The NCAA created three divisions in 1973. These divisions represent levels of competition in which a college can choose to compete. Since 1978, Division I has included I-A, the Football Bowl, and I-AA, Football Championship, subdivisions. The NCAA lists 120 schools in Division I-A, 118 in Division I-AA and 170 in Division II with football programs in 2010. Only Division I and II schools can offer football scholarships, according to athletic recruitment information site Varsity Edge.com. Ivy League schools, however, do not offer NCAA athletic scholarships even though they belong to Division I. Across both divisions, the NCAA allows more than 23,000 football scholarships, of which only those in Division I-A are guaranteed, full rides.
Each NCAA Division I-A football program can offer 85 athletic scholarships – one for each team – while Division I-AA schools must divide the 63 scholarships allowed per team by the NCAA among their 85-player team roster. Academic eligibility requirements for incoming Division I freshmen includes 16 core high school courses: four years of English, three of math, two years each of social studies and science, one additional year of either math, science or English and four years of other subjects such as foreign language or philosophy. According to the NCAA, Division I uses a sliding scale of grade-point average and SAT scores. The lower a student’s GPA, the higher the minimum SAT score. Student-athletes must also meet the university admission requirements and obtain amateurism certification.
The NCAA allots 36 football scholarships annually to Division II schools.
According to the NCAA, Division II student athletes must have taken 14 core courses in high school: three years of English, two each of mathematics and science, two years of additional English, math or science and three years of additional courses such as foreign language or philosophy. A 16-core course rule will go into effect for the 2013-2014 academic year. Division II requires a minimum SAT score of 820, 2.0 GPA and ACT score of 68. As with Division I, student-athletes must meet university admissions standards and obtain amateurism certification.

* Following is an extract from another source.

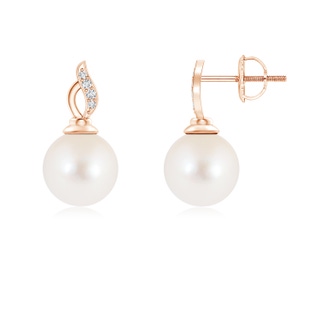 8mm AAA Freshwater Cultured Pearl Solitaire Flame Earrings in Rose Gold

Getting an NCAA football scholarship requires effort. According to sports recruiters at Athletic Scholarships.com, most athletes need to promote themselves to college coaches. The College Sports Scholarships website agrees, noting student-athletes must introduce themselves to college coaches and tell them “what they can offer.” Both sites suggest providing coaches with a profile and sports resume. Recruiting services prepare a sports resume and video for submission for a fee.